WHAT IS REQUIRED: Every entry that follows needs to be repeated exactly.
====
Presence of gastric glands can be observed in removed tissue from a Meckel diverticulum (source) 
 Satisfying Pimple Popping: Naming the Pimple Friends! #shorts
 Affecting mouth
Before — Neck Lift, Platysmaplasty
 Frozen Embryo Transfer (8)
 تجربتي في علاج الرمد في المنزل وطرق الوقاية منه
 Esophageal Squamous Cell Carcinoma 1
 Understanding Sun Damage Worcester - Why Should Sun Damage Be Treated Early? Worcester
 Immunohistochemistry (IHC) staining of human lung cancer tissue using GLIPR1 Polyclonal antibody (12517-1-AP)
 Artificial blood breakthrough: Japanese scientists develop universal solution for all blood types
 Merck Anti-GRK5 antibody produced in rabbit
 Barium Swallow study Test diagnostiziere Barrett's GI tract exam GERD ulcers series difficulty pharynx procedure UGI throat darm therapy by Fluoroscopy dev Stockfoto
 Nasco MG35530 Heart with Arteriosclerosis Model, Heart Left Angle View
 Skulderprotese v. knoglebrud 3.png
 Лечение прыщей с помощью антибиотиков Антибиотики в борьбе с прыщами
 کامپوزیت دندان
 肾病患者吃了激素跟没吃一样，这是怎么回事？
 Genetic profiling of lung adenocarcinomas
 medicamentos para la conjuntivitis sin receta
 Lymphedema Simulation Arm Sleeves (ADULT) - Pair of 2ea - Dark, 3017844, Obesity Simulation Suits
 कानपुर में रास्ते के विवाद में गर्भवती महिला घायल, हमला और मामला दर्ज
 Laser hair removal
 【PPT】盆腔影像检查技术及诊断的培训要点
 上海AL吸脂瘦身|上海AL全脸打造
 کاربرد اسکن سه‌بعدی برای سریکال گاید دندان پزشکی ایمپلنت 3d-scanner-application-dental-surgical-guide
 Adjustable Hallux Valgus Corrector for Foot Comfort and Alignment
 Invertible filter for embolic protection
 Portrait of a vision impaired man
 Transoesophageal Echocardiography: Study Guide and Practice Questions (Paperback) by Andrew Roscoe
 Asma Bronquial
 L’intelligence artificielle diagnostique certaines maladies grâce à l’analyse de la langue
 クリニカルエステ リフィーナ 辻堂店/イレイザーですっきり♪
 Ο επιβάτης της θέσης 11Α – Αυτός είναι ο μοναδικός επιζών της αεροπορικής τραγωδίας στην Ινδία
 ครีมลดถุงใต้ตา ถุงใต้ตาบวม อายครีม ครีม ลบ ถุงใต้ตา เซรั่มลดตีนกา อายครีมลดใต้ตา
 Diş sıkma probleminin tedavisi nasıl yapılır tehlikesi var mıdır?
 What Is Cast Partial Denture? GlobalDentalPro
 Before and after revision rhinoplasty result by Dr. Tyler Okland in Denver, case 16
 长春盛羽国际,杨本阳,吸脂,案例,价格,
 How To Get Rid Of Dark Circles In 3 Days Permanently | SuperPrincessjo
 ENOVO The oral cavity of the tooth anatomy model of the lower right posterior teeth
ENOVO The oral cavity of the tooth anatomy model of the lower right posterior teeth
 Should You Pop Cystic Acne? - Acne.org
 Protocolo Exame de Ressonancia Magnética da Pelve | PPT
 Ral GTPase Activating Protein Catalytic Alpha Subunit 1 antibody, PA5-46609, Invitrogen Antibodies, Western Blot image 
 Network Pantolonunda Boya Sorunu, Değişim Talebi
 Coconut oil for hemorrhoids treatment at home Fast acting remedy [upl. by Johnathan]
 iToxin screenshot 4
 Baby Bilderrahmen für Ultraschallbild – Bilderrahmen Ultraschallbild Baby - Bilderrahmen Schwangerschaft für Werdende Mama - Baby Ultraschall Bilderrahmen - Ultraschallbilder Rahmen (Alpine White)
====
RESPONSE TO THE EXERCISE:
Presence of gastric glands can be observed in removed tissue from a Meckel diverticulum (source) 
 Satisfying Pimple Popping: Naming the Pimple Friends! #shorts
 Affecting mouth
Before — Neck Lift, Platysmaplasty
 Frozen Embryo Transfer (8)
 تجربتي في علاج الرمد في المنزل وطرق الوقاية منه
 Esophageal Squamous Cell Carcinoma 1
 Understanding Sun Damage Worcester - Why Should Sun Damage Be Treated Early? Worcester
 Immunohistochemistry (IHC) staining of human lung cancer tissue using GLIPR1 Polyclonal antibody (12517-1-AP)
 Artificial blood breakthrough: Japanese scientists develop universal solution for all blood types
 Merck Anti-GRK5 antibody produced in rabbit
 Barium Swallow study Test diagnostiziere Barrett's GI tract exam GERD ulcers series difficulty pharynx procedure UGI throat darm therapy by Fluoroscopy dev Stockfoto
 Nasco MG35530 Heart with Arteriosclerosis Model, Heart Left Angle View
 Skulderprotese v. knoglebrud 3.png
 Лечение прыщей с помощью антибиотиков Антибиотики в борьбе с прыщами
 کامپوزیت دندان
 肾病患者吃了激素跟没吃一样，这是怎么回事？
 Genetic profiling of lung adenocarcinomas
 medicamentos para la conjuntivitis sin receta
 Lymphedema Simulation Arm Sleeves (ADULT) - Pair of 2ea - Dark, 3017844, Obesity Simulation Suits
 कानपुर में रास्ते के विवाद में गर्भवती महिला घायल, हमला और मामला दर्ज
 Laser hair removal
 【PPT】盆腔影像检查技术及诊断的培训要点
 上海AL吸脂瘦身|上海AL全脸打造
 کاربرد اسکن سه‌بعدی برای سریکال گاید دندان پزشکی ایمپلنت 3d-scanner-application-dental-surgical-guide
 Adjustable Hallux Valgus Corrector for Foot Comfort and Alignment
 Invertible filter for embolic protection
 Portrait of a vision impaired man
 Transoesophageal Echocardiography: Study Guide and Practice Questions (Paperback) by Andrew Roscoe
 Asma Bronquial
 L’intelligence artificielle diagnostique certaines maladies grâce à l’analyse de la langue
 クリニカルエステ リフィーナ 辻堂店/イレイザーですっきり♪
 Ο επιβάτης της θέσης 11Α – Αυτός είναι ο μοναδικός επιζών της αεροπορικής τραγωδίας στην Ινδία
 ครีมลดถุงใต้ตา ถุงใต้ตาบวม อายครีม ครีม ลบ ถุงใต้ตา เซรั่มลดตีนกา อายครีมลดใต้ตา
 Diş sıkma probleminin tedavisi nasıl yapılır tehlikesi var mıdır?
 What Is Cast Partial Denture? GlobalDentalPro
 Before and after revision rhinoplasty result by Dr. Tyler Okland in Denver, case 16
 长春盛羽国际,杨本阳,吸脂,案例,价格,
 How To Get Rid Of Dark Circles In 3 Days Permanently | SuperPrincessjo
 ENOVO The oral cavity of the tooth anatomy model of the lower right posterior teeth
ENOVO The oral cavity of the tooth anatomy model of the lower right posterior teeth
 Should You Pop Cystic Acne? - Acne.org
 Protocolo Exame de Ressonancia Magnética da Pelve | PPT
 Ral GTPase Activating Protein Catalytic Alpha Subunit 1 antibody, PA5-46609, Invitrogen Antibodies, Western Blot image 
 Network Pantolonunda Boya Sorunu, Değişim Talebi
 Coconut oil for hemorrhoids treatment at home Fast acting remedy [upl. by Johnathan]
 iToxin screenshot 4
 Baby Bilderrahmen für Ultraschallbild – Bilderrahmen Ultraschallbild Baby - Bilderrahmen Schwangerschaft für Werdende Mama - Baby Ultraschall Bilderrahmen - Ultraschallbilder Rahmen (Alpine White)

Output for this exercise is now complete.